Thursday, August 13, 2015

 

In Community

Matthew Block:
These are not small problems: there’s a reason these views were condemned by the early Church. So how are theologies condemned well over 1500 years ago finding a resurgence in contemporary Evangelicalism? The Christianity Today article suggests a failure in adult Christian education as one cause. Let me suggest another: these heresies are finding a resurgence because too many Protestants misunderstand the Reformation doctrine of sola scriptura. Too many Christians mistake “Scripture alone” as if it were a license for them to read the Bible alone—to read it apart from other people. You know the idea: “All I need is me and my Bible.” But that’s not what it means. It means that Scripture is alone authoritative, not that your personal (“alone”) interpretation of Scripture is authoritative.
Actually, I think the problem Block very rightly notes is a problem with Christian Education, perhaps even education generally.

There is the issue that any more any sort of educational activity, but especially voluntary ones like church school, have to be interesting and entertaining. A college Prof friend of mine called it "edutainment." It is pretty doggone hard to figure out how to make trinitarian doctrinal teaching entertaining and still develop genuine understanding in the student. The perennial question, "How does that affect me?" is another impediment to serious educational undertaking in the church setting. I know in my own educational life I learned a lot of stuff that seemed utterly useless until decades later. (Since I took up woodworking, it is amazing how much geometry I have had to dredge up!)
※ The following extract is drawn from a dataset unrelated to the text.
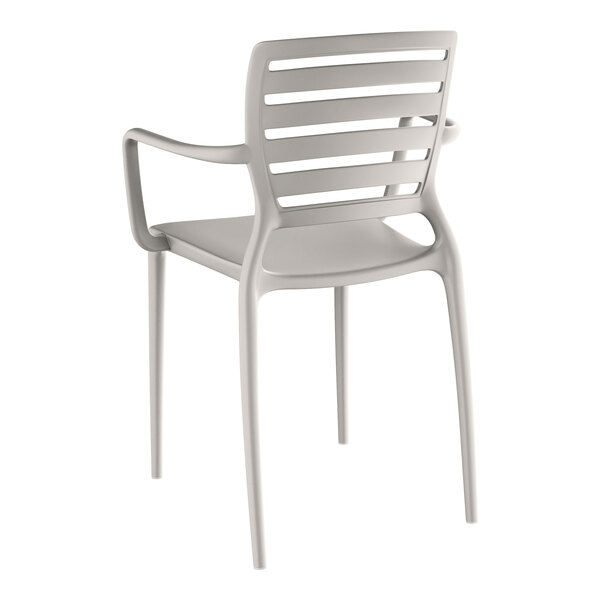 A white plastic Lancaster Table & Seating arm chair with a back and armrests.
I think we need to find new ways to motivated our church students other than entertaining them with the lessons or trying to get them to focus on delayed gratification. May I suggest Christ-likeness? And by that I do not mean some sort of ethical purity, but rather the winsomeness that undoubtedly marked the Lord and his apostles. Maybe it is our relationships with students that can best motivate them to learn that which is inherently dull and not immediately useful.

The hard part is that is not a program or a curriculum. That's a challenge and a major commitment.